> _Available data_
>>>>>

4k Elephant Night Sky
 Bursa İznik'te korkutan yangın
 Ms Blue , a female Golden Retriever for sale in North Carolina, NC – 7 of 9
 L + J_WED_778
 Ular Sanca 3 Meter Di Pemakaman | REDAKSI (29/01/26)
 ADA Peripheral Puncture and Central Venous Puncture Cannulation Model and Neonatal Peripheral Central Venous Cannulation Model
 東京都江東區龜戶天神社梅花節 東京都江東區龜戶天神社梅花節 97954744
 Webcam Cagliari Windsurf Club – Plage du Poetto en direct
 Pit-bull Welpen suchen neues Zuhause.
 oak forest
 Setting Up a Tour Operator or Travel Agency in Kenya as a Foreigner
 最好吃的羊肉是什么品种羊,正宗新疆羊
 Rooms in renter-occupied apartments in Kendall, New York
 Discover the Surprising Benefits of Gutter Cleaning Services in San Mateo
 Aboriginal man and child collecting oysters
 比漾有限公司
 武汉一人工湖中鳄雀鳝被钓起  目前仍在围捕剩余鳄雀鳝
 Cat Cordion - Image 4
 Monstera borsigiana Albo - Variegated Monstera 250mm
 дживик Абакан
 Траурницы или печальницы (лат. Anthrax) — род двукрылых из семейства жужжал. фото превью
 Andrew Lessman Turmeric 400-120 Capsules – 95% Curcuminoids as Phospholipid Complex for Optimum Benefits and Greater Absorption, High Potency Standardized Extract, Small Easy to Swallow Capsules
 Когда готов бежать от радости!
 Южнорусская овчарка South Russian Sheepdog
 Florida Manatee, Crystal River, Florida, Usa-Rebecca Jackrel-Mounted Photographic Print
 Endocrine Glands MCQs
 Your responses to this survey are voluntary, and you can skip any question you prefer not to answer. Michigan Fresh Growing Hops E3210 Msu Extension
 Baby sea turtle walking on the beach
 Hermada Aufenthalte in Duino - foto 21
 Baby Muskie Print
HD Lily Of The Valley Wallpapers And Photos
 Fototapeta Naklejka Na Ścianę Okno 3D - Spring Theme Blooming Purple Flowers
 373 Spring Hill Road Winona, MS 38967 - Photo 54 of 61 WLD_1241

<<<<<

> _Task goal_
From the records above, retype only the lines starting at the line that contains "Andrew Lessman Turmeric" and ending at the line that contains "Fototapeta Naklejka Na", both included.

> _Your response_
 Andrew Lessman Turmeric 400-120 Capsules – 95% Curcuminoids as Phospholipid Complex for Optimum Benefits and Greater Absorption, High Potency Standardized Extract, Small Easy to Swallow Capsules
 Когда готов бежать от радости!
 Южнорусская овчарка South Russian Sheepdog
 Florida Manatee, Crystal River, Florida, Usa-Rebecca Jackrel-Mounted Photographic Print
 Endocrine Glands MCQs
 Your responses to this survey are voluntary, and you can skip any question you prefer not to answer. Michigan Fresh Growing Hops E3210 Msu Extension
 Baby sea turtle walking on the beach
 Hermada Aufenthalte in Duino - foto 21
 Baby Muskie Print
HD Lily Of The Valley Wallpapers And Photos
 Fototapeta Naklejka Na Ścianę Okno 3D - Spring Theme Blooming Purple Flowers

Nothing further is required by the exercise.